Araştırmacı öğrencilerden Doğukan Fikri Arat, vampir kitaplarının dil yönünden de incelendiğinde hiçbir edebi değeri olmadığına dikkat çekerek şunları söyledi: "Seri halde çok kısa sürede yayınlanan eserlerin para kazanma amacıyla yazıldığı açıktır. Ergenlerimiz kitap seçiminde bilinçli değil. Aileleri hatta öğretmenleri dahi onların okuduğu kitapların içeriğini takip etmiyor. Örnek alarak öğrenen bu yaş grubunun kitaplardaki yanlış modellerden etkilenmesi söz konusudur. Öğrencilerimizin yüzde 70'i okudukları kitapların filmini de izlediklerini belirtiyor. Bu, durumun vahametini biraz daha artırıyor." Filmlerle desteklenen şiddet unsurlarının etkisinin şüphesiz ki daha büyük olacağını belirten Arat, "Ergenlerimizin yüzde 50'si vampir kitaplarını okuyor ve takip ediyor.
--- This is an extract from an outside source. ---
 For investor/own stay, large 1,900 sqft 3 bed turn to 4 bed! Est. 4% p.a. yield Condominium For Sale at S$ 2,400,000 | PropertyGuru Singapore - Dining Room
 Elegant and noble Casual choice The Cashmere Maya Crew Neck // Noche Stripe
Kahramanların sıra dışı olması öğrencilerimizi etkileyen en önemli özellik. Vampir kitaplarını incelediğimizde gördük ki bu sıra dışı özellik, kan emen ve savaşçı olmaları. Kan ve şiddeti normal karşılayan bir okuyucu kitlesi var karşımızda. Mutlaka konunun bu yönünün uzmanlarca incelenmesi, gerekli önlemlerin alınması yerinde olacaktır" dedi.

TÜBİTAK incelemesinden geçen çalışma kapsamında elde edilen bilgilere değinen Doğukan Fikri Arat, şu bilgileri verdi: "Bilişim teknolojilerinin baş döndürücü hızı ülkeler arasındaki sınırları aradan kaldırmıştır. Bu durum ergenlerimizin kimliksiz modellerle karşılaşmalarına yol açıyor. Bu da onlarda kimlik problemine neden olabilir. Vampir kitaplarını okuduktan sonra hayal dünyasından gerçek dünyaya geçiş yapamayan ergenlerimizin oranı yüzde 26.8'dir. Bu hiç de azımsanacak bir oran değil."
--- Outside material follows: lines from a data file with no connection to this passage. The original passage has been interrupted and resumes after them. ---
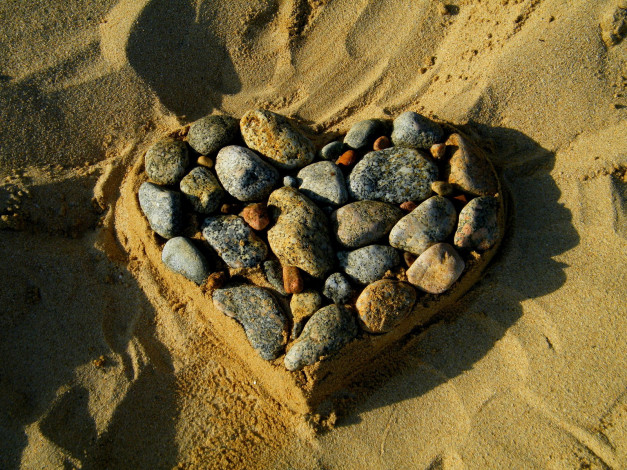 Обои картинки фото природа, камни, минералы, песок, сердечко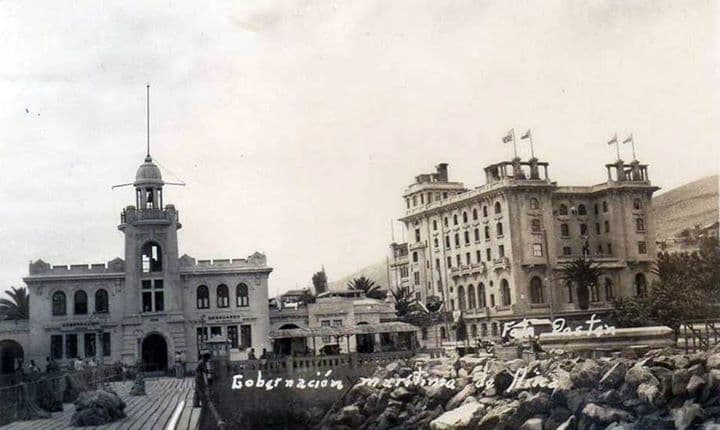 Gobernación Marítima y el Hotel Pacífico de Arica en el año 1954.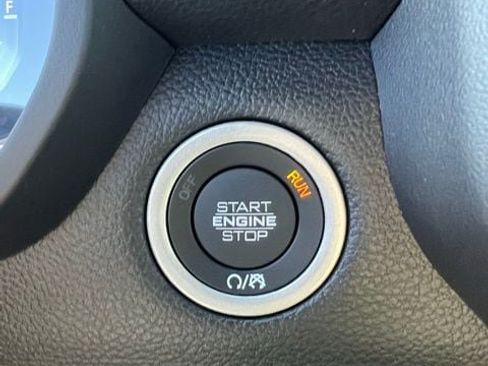 New 2026 RAM 1500 Big Horn AWD/4WD image 12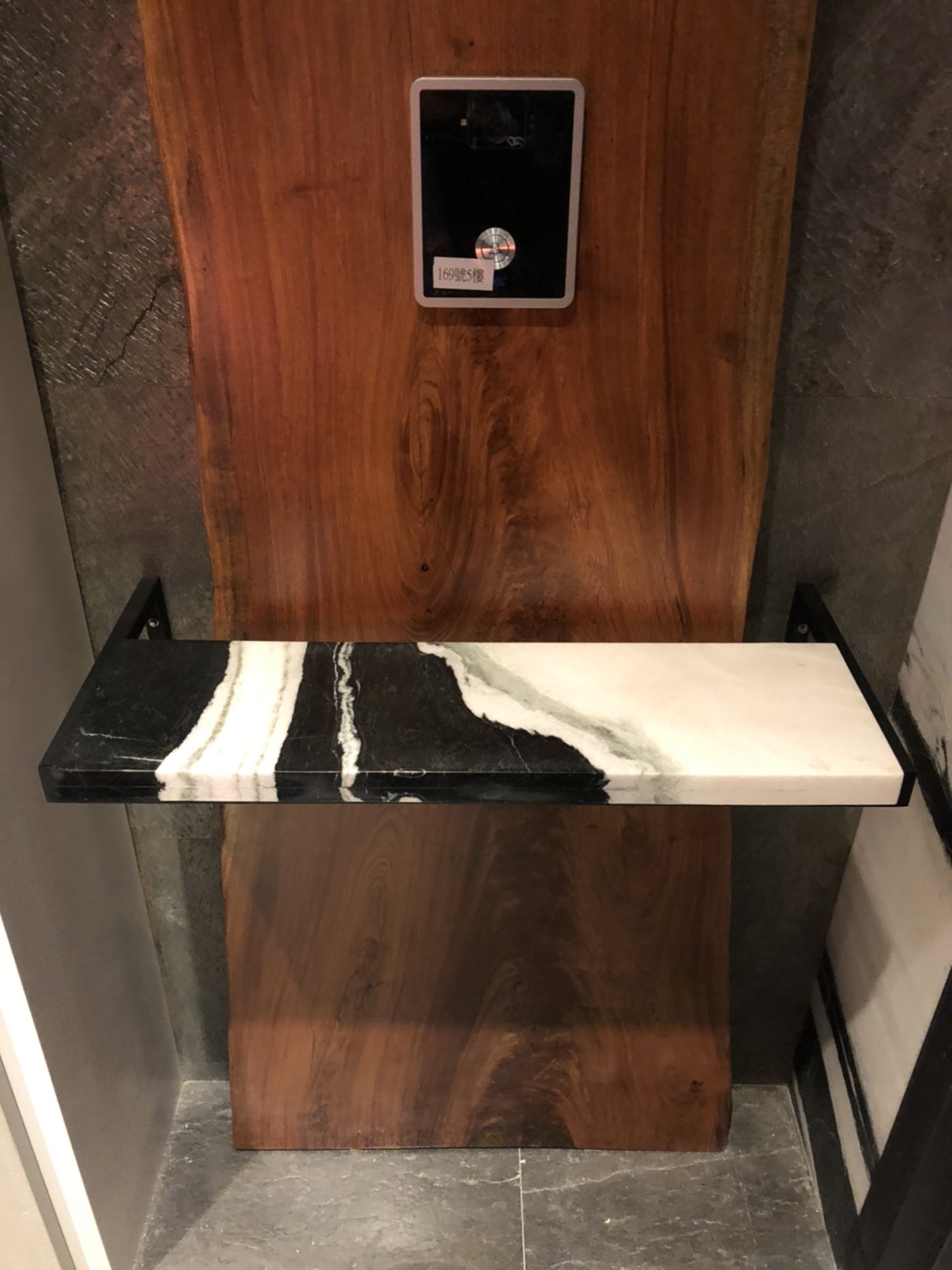 熊貓白-玄關檯面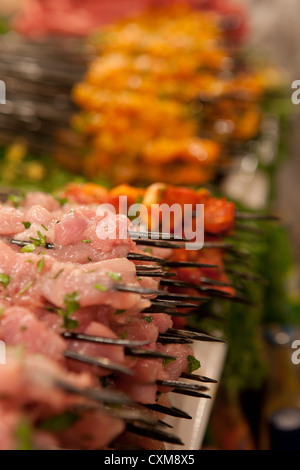 Piazza Jamaa El Fna a Marrakech, Marocco pollo carne marinata Marrakech Grill cibo locale Foto Stock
Okuduğu kitabın etkisinde kalmalarının bu yaş grubunun bir özelliği olduğunu anlatan Arat, sözlerine şöyle devam etti: "Ergenlerimizin yüzde 52.1'i hiçbir şey hissetmediğini söylüyor. Bu bize şiddeti normal gördüklerini ve kanıksadıklarını gösterir. Kan emme davranışı nasıl normal karşılanabilir? Açıkçası bu durum bizi endişelendirmiştir. Kitapları okuyanların yüzde 50'si hikayedeki olay ve kişilerin gerçek olmasını istiyor. Bu da bize kitapların etkileyicilik yönünün ne kadar fazla olduğunu gösterir.

Okuyucuların yüzde 50'si kitabı bitirdikten sonra kurt adam veya vampir olmak istemiş. Gene okuyucuların yüzde 50'si bu kitapların bağımlılık yaptığını belirtiyor. Vampir kitaplarını okumayanların yüzde 43.8'i ekonomik nedenlerle okumadıklarını söylüyor."
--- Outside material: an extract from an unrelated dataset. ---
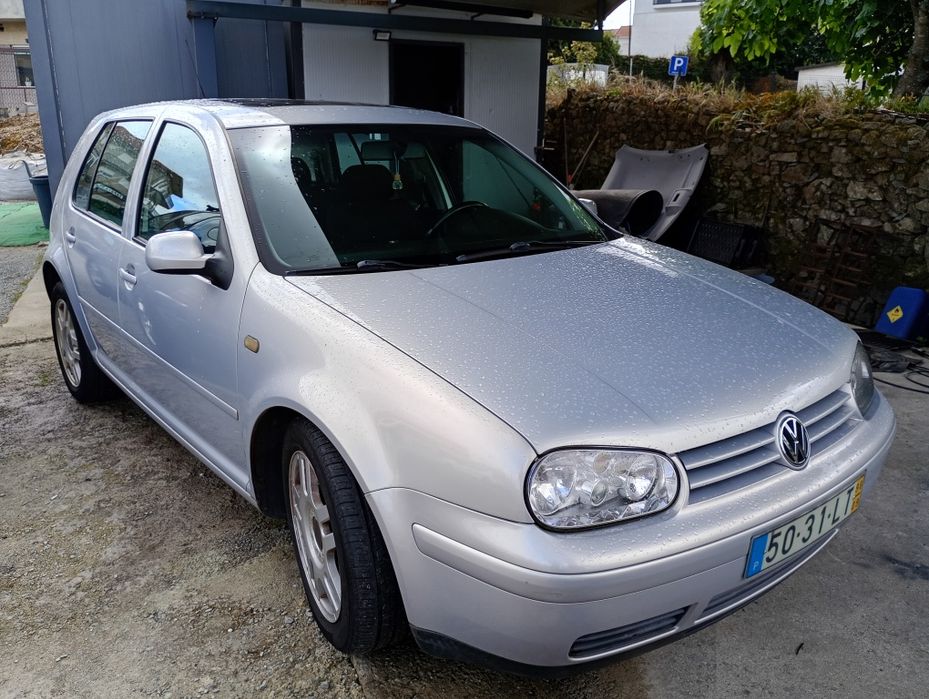 Volkswagen- golf -4 .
VAMPİR İÇERİKLİ KİTAPLAR MODA OLARAK YAYILIYOR


Araştırmanın sonuç ve önerilerine değinen Gülcan Mutlu, ergenlerin okuma eğilimlerinin yanlış yönlere kaydığını, ailelerin bu konuda bilinçsiz olduğunu söyledi. Reklam ile şiddet içerikli vampir kitaplarının moda halinde hızla yayıldığını ifade eden Mutlu, edebi eserlere ilginin yok denecek kadar azaldığını, ailelerin bilinçlendirilmesi, okul kütüphanelerinin güncellenmesi, öğrencilere öncelikle ülke eserlerinin okutulmasının yararlı olacağını vurguladı.